Medeniyetlerin buluşma noktası olan ve antik çağdan itibaren tarihin her dönemimde birçok milletin ilgi odağı olan İstanbul, Osmanlı tarafından fethedilmesiyle özel bir değer kazanmış ve Osmanlıyla dolaysıyla milletimizle ''özdeş'' sayılmıştır. Asya ve Avrupa'nın kesiştiği noktada yer alması, uzun yıllar ''başkent'' vasfını taşıması onu kültürel ve sosyal bir merkez halini almasını sağlamıştır. Bu merkezde bir araya gelmiş olan tarih, coğrafya, kültürler ve milletler derin izler bırakmıştır. Yüzyıllarca pek çok düşünürün, sanat adamının ilgisini çekmiş ve şair ve yazarlara ilham kaynağı olmuştur. İstanbul bu haliyle ''herhangi bir şehir'' olarak değil ''İstanbul'' olarak sevilmiş, sevgi, aşk, mutluluk, yalnızlık, özlem ve sitem gibi duyguların eserlere yansıtılmasında en etkin şehir olmuştur.

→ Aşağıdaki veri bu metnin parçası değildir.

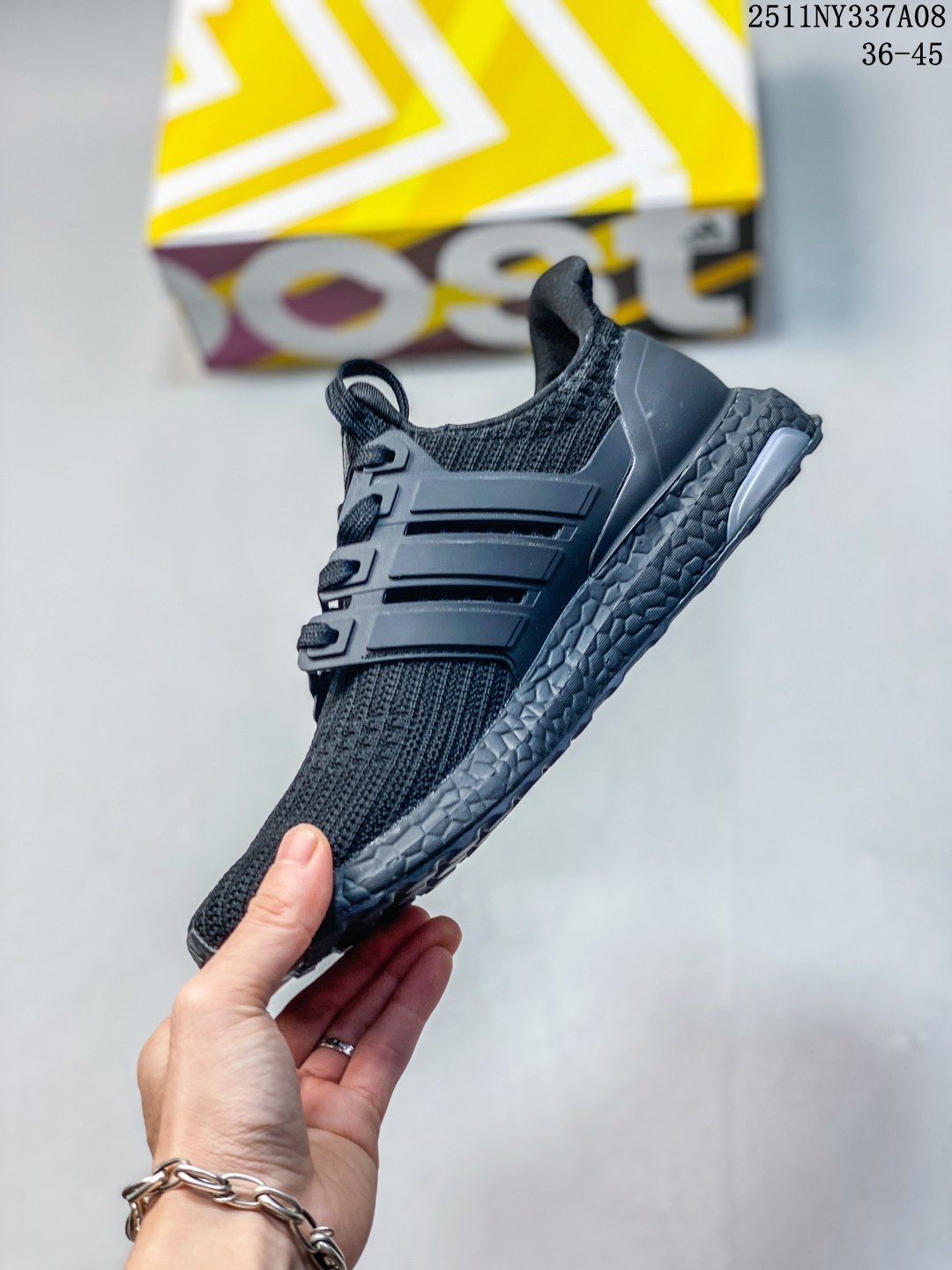 💰95 公司级✅AD Ultra Boost UB3.0系列低帮袜套式针织透气缓震休闲运动慢跑鞋 BA8841 德国进口巴斯夫大底 全套原纸板楦头开发 原厂特供飞织面配套加持 确保原汁原味 完美呈现版型 一比一还原zp踩屎脚感 原档案底模数据 正确多层组合大底 辰元原厂针织代工 细节还原度极高 独家外贸特供开发至48.5 超强Boost缓震 搭配马牌橡胶大底 满足日常出行跑步健身需求 Primeknit鞋面材料采用羊毛沙线 舒适柔软 爆米花颗粒饱满 弹性十足 鞋底前后10mm的标准高度差 使两头上翘的弧形鞋底结构更加完美 尺码:36 36.5 37 38 38.5 39 40 40.5 41 42 42.5 43 44 44.5 45 46 47 48 编码:221JWD0805 11NY337A08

İstanbul, günümüze kadar sayısız şair ve yazara ilham vermiştir. Nedim, İstanbul'u iki deniz arasında bir mücevher olarak görür, Tevfik Fikret onu bin kocadan arta kalan dul bir kadına benzetir. Yahya Kemal, sade bir semtini sevmenin bile bir ömre değer olduğunu söyleyerek İstanbul'un her yerinin emsalsiz değerlere sahip olduğunu ifade etmiştir. Orhan Veli için İstanbul, ülkeyi güzel günlere götürecek rüzgârların kentidir. Ziya Osman Saba, İstanbul'a verdiği değeri onu öpüp başına koyduğu ekmek kadar kutsal ve gerekli gördüğünü söyleyerek anlatmıştır.
İstanbul, yaklaşık 8000 yıl kadar geriye uzanan tarihiyle çok eski bir yerleşim yeri olup birçok kültürü üzerinde barındırmıştır. Bugünkü İstanbul'un temelleri Milattan önce 7. yüzyılda atılmıştır. Milattan sonra 4. yüzyılda İmparator Konstantin tarafından yeniden inşa edilip, başkent yapılmış; o günden sonra da yaklaşık 16. asır boyunca Roma, Bizans ve Osmanlı dönemlerinde bu başkentlik sıfatını sürdürmüştür. Aynı zamanda, İmparator Konstantin ile birlikte Hıristiyanlığın merkezlerinden biri olan İstanbul, fethinden sonra İslam dünyasının önemli merkezlerinden biri haline gelmiştir.
Doğu'nun ''Efsaneler Diyarı'' olarak anılan İstanbul, kendisine ''Şirin Belde'' dedirtmenin yanında tarih boyunca birçok isim almıştır. Tarih boyunca çeşitli dillerde İstanbul'a verilen isimleri şu şekilde sıralanmaktadır: ''Latincede Makedonya, Süryanice Yankoviçe, Frenkçe Yegfuriye, Moskofça Tekfuriye, Rumca Grandoye, Macarca Vezenduvar, Lehçe Kanatorya, Çekçe Albana, İsveçce Harkliyan, Felemenkçe İstefaniye, Arapça, Kostantiniye-i Kübra, Farsça Kayser-i Zemin, Hintçe Taht-ı Rum, Moğolca Çakodurkan.'' Doğulular ve Türklere göre ise İstanbul'un tarih boyunca aldığı isimler ise şunlardır: ''Bizantiyon, Neo Roma, Konstantiniye, Dersiadet ve Biladıselase, Deraliye, Darussaltana, Darülhilafe, İslambol, İstanbul ve Asitane'dir. İstanbul fetihten sonra İslambol, Dersaadet, Deraliye, Asitane, Darülhilafe, İstanbul''.